── Provided entries

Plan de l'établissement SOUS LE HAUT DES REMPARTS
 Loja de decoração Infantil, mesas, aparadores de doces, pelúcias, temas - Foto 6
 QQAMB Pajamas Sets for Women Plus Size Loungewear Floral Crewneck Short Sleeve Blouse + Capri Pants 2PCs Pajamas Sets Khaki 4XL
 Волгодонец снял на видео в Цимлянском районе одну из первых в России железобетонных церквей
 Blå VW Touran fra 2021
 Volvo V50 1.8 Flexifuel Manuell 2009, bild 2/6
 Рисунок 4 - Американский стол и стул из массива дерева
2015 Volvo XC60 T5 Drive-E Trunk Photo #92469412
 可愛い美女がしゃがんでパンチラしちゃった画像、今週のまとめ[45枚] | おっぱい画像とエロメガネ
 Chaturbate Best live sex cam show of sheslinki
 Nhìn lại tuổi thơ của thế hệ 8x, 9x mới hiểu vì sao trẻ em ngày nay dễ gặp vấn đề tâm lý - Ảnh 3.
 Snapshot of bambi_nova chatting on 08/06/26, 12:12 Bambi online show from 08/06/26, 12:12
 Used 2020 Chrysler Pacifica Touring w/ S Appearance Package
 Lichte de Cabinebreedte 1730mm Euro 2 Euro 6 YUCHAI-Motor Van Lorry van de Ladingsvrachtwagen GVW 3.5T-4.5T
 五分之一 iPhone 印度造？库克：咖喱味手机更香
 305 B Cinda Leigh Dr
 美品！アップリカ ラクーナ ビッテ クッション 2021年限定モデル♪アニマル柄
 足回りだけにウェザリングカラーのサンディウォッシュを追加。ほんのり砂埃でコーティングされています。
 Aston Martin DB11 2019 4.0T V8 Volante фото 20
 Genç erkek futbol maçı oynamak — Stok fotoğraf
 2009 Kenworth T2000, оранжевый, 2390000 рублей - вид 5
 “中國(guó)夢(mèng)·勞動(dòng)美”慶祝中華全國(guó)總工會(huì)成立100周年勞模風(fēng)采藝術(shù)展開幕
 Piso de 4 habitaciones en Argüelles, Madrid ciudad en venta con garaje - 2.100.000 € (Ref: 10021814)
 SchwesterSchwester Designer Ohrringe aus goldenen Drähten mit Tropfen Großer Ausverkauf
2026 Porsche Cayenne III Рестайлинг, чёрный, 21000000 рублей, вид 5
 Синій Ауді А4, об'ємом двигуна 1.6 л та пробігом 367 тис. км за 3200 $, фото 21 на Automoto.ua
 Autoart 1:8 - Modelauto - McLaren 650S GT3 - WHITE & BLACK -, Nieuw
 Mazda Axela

────

What is needed:
What lines in the data include the string "Volvo"? Copy each one.

Result of the exercise:
 Volvo V50 1.8 Flexifuel Manuell 2009, bild 2/6
2015 Volvo XC60 T5 Drive-E Trunk Photo #92469412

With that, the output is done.